I'm going to close this out, since it seems like this issue was resolved. 👍

@modocache I'm still using the weird workaround, i.e. manually replacing strings in the libicu binaries. My memory of it was that that recompiling libicu with the other c++ stdlib didn't have any effect here. Just want to confirm it was really fixed

Hmm, interesting. I've simply been running the Swift test suites on device, so I'm not sure about running APKs... if this is still an issue definitely feel free to re-open it!

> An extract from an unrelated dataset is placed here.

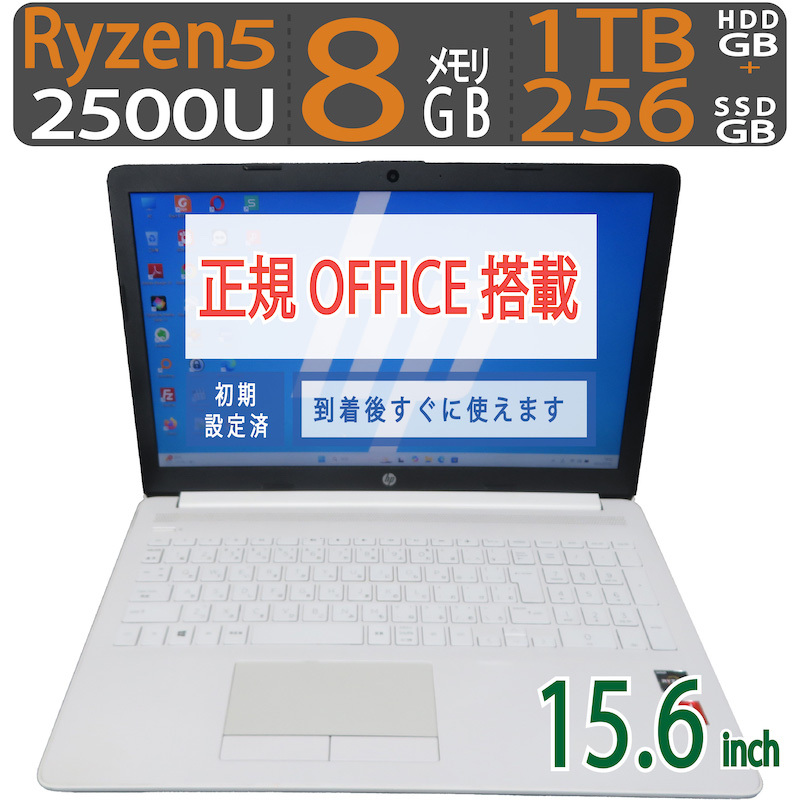【テンキー搭載・データ入力◎】◆HP Laptop Model 15-db0161AU / 15.6型 ◆ Ryzen 5 2500U / 256GB SSD / メモリ8GB ◆ win11 / Office拍卖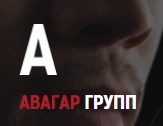 Частное агентство занятости ООО “Авагар Групп” — логотип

Alright, I'm not working with android actively at the moment but if it
comes up again I'll reopen the issue

@modocache I'm pretty certain this is still an issue. We are now running into an issue even loading libc++_shared.so on Android < 4.3 when Crosswalk v18+ is also installed. I assume the reason is that Crosswalk v18 loads its own incompatible version of libc++_shared.so, which means even if we explicitly called System.loadLibrary on ours (that Swift needs), the other one is already loaded and ours is ignored.

I'm reopening this, because the workaround presented (rpl -R -e libicu libscu libswift*.so) is still relevant and required until we can come up with a better solution

I'd say any major issue should be reported on Swift JIRA. That way, we could get input from a broader set of people familiar with Swift.